WORK ITEM -
Your answer should be the full data, transcribed exactly, with no pictures in it.
INPUT DATA below:
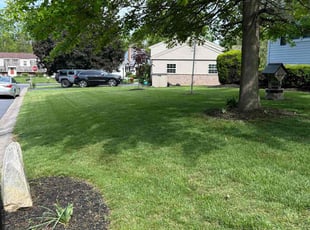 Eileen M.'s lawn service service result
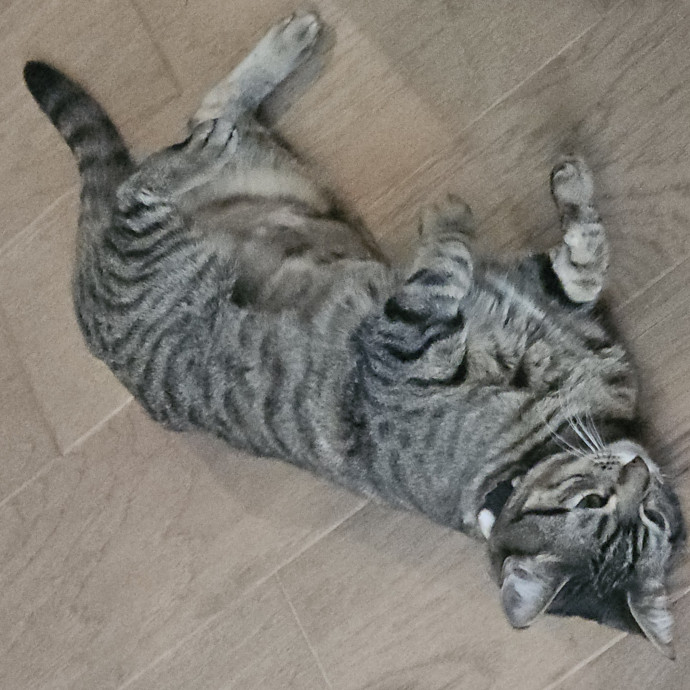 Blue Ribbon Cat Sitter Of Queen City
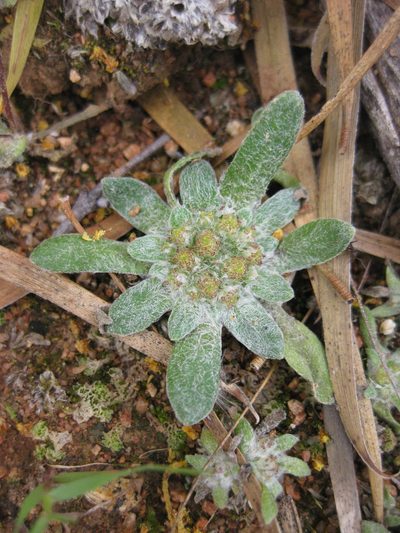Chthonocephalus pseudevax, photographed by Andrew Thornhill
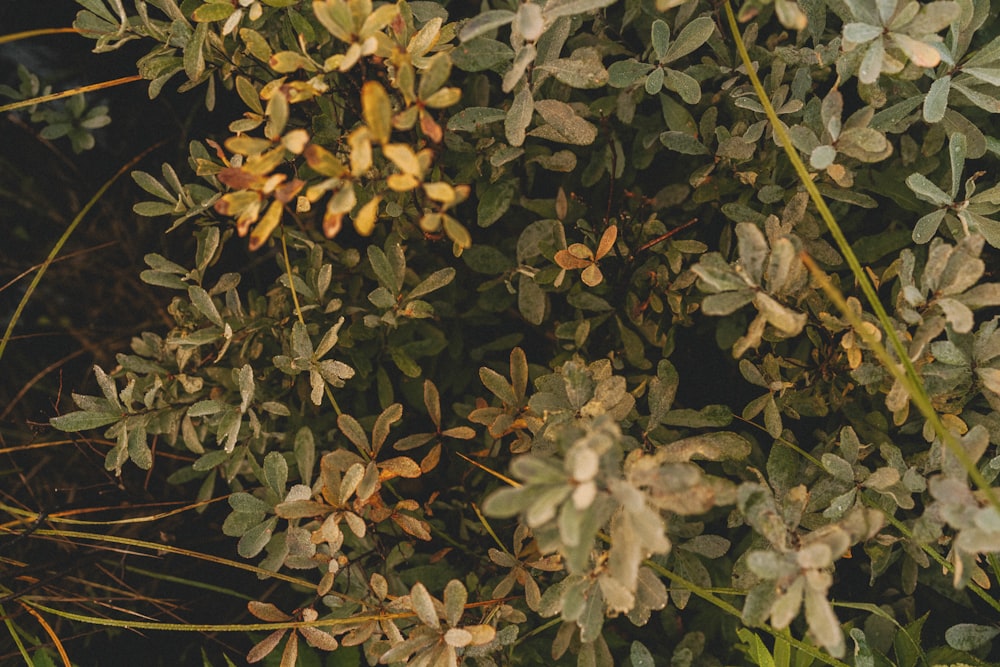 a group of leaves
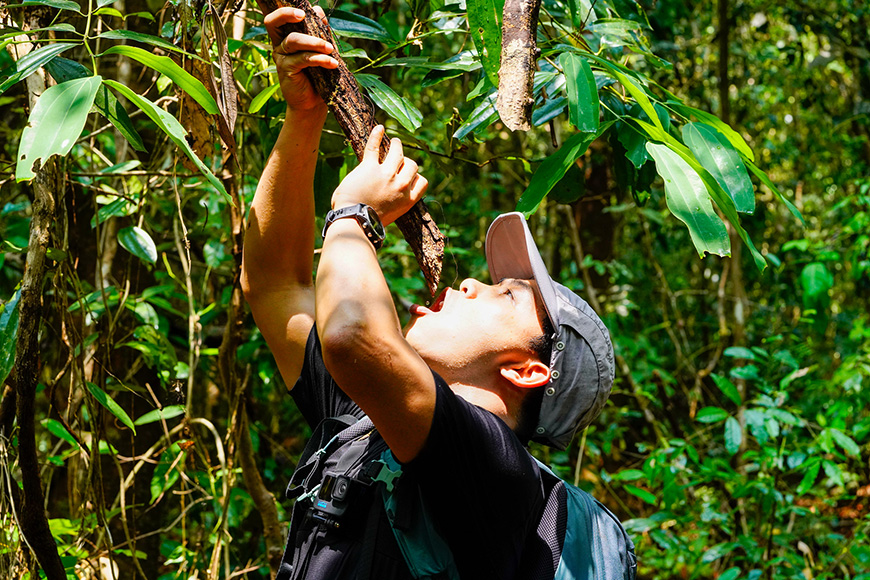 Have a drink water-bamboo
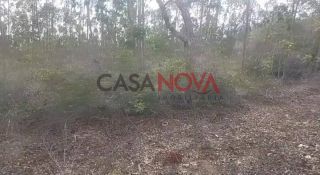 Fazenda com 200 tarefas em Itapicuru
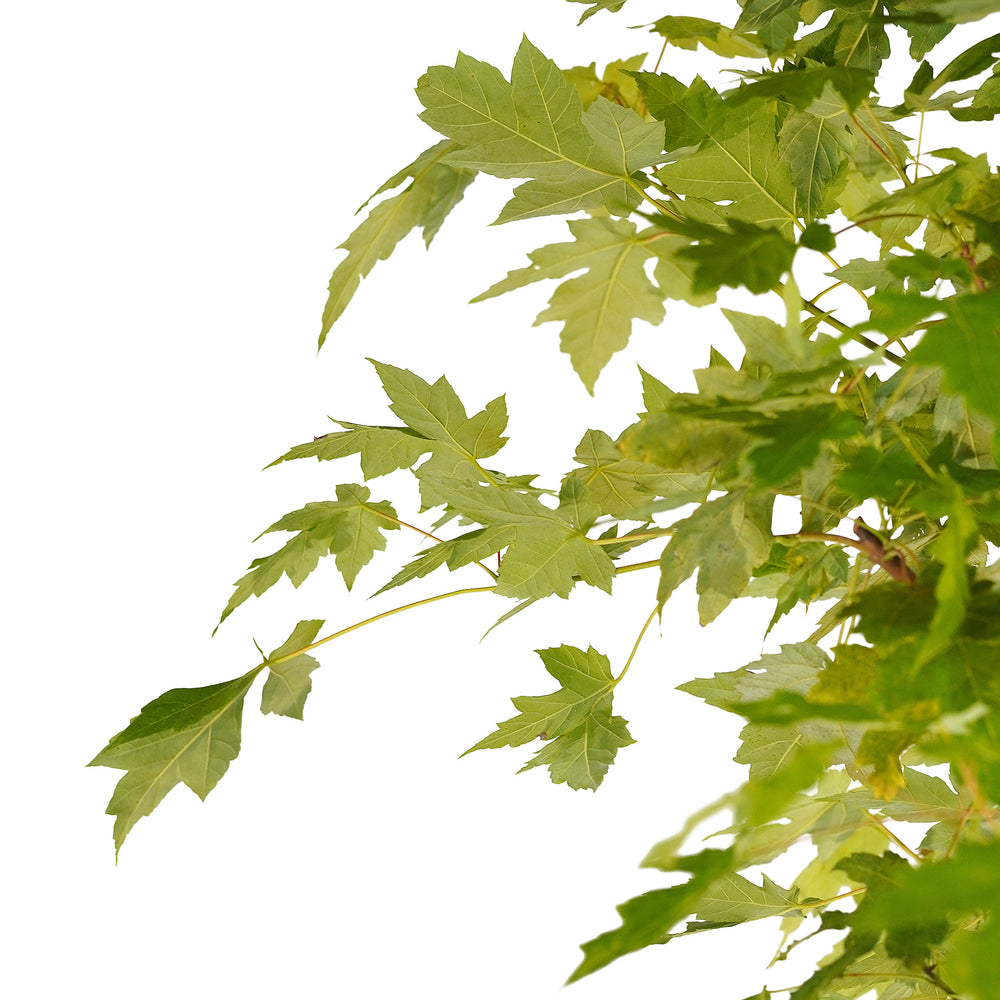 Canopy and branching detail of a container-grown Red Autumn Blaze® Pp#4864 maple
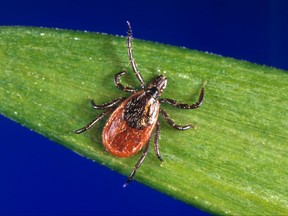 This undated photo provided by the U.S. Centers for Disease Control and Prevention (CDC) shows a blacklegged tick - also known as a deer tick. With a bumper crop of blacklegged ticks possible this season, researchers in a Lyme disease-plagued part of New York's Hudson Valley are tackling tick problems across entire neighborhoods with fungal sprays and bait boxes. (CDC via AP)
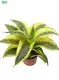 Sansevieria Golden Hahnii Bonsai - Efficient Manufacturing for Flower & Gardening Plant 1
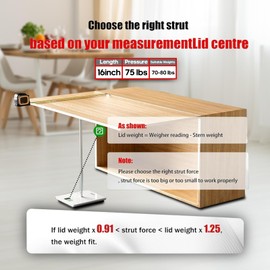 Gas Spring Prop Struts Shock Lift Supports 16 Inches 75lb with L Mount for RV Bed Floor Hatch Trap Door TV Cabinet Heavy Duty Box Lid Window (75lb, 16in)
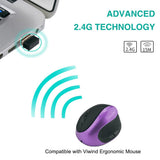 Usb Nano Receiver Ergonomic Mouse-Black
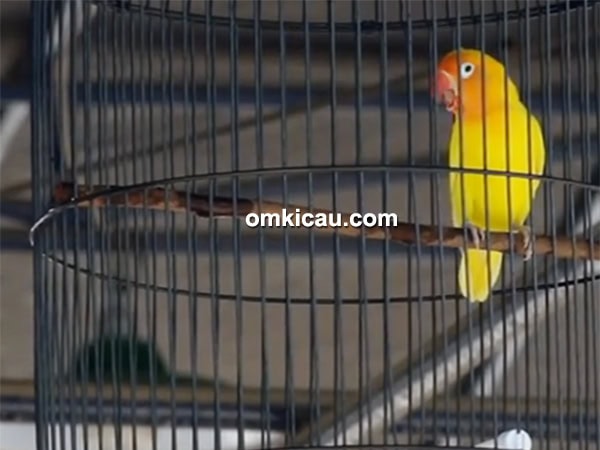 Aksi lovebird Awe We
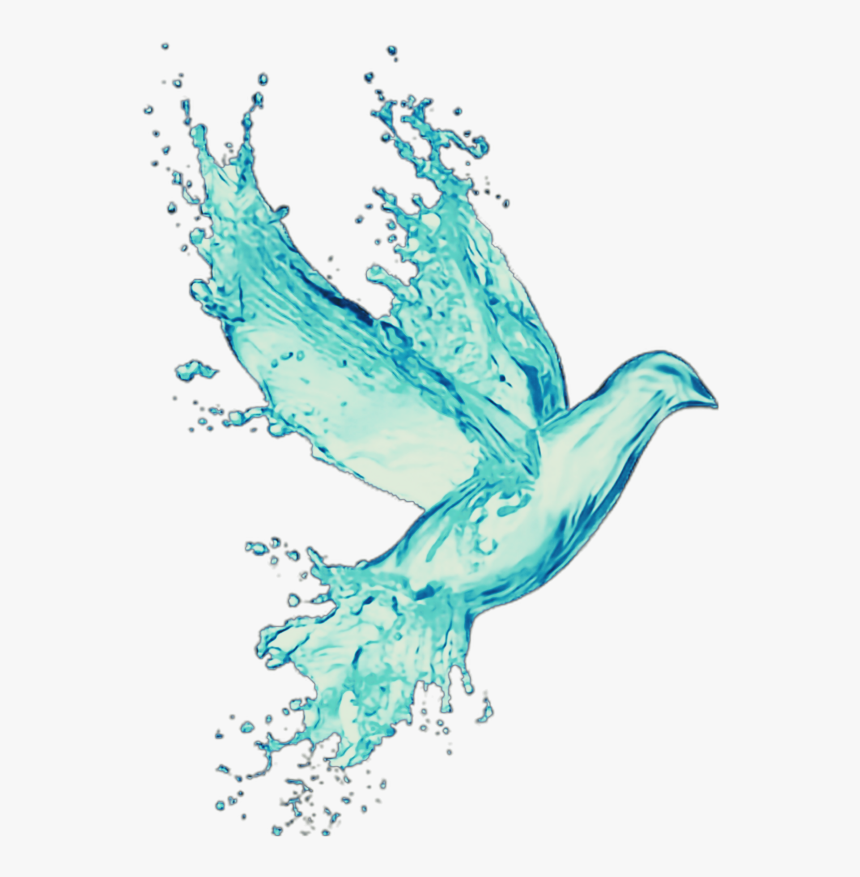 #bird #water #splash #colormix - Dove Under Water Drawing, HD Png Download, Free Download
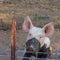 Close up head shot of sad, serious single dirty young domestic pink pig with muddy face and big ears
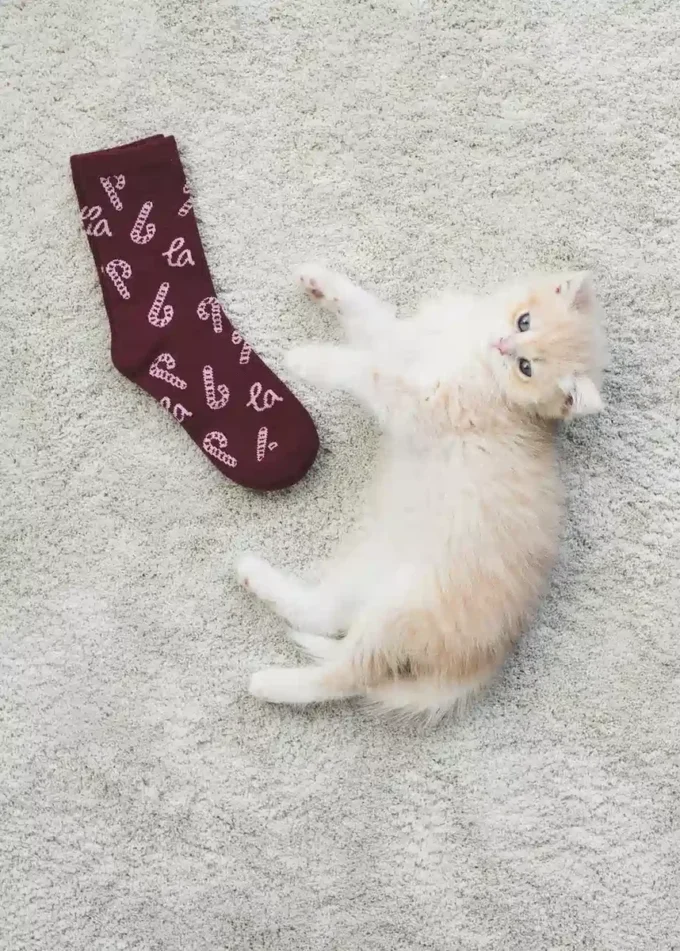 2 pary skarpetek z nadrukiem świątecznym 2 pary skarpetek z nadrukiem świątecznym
End of INPUT DATA.
ANSWER BOX -
 Eileen M.'s lawn service service result
 Blue Ribbon Cat Sitter Of Queen City
Chthonocephalus pseudevax, photographed by Andrew Thornhill
 a group of leaves
 Have a drink water-bamboo
 Fazenda com 200 tarefas em Itapicuru
 Canopy and branching detail of a container-grown Red Autumn Blaze® Pp#4864 maple
 This undated photo provided by the U.S. Centers for Disease Control and Prevention (CDC) shows a blacklegged tick - also known as a deer tick. With a bumper crop of blacklegged ticks possible this season, researchers in a Lyme disease-plagued part of New York's Hudson Valley are tackling tick problems across entire neighborhoods with fungal sprays and bait boxes. (CDC via AP)
 Sansevieria Golden Hahnii Bonsai - Efficient Manufacturing for Flower & Gardening Plant 1
 Gas Spring Prop Struts Shock Lift Supports 16 Inches 75lb with L Mount for RV Bed Floor Hatch Trap Door TV Cabinet Heavy Duty Box Lid Window (75lb, 16in)
 Usb Nano Receiver Ergonomic Mouse-Black
 Aksi lovebird Awe We
 #bird #water #splash #colormix - Dove Under Water Drawing, HD Png Download, Free Download
 Close up head shot of sad, serious single dirty young domestic pink pig with muddy face and big ears
 2 pary skarpetek z nadrukiem świątecznym 2 pary skarpetek z nadrukiem świątecznym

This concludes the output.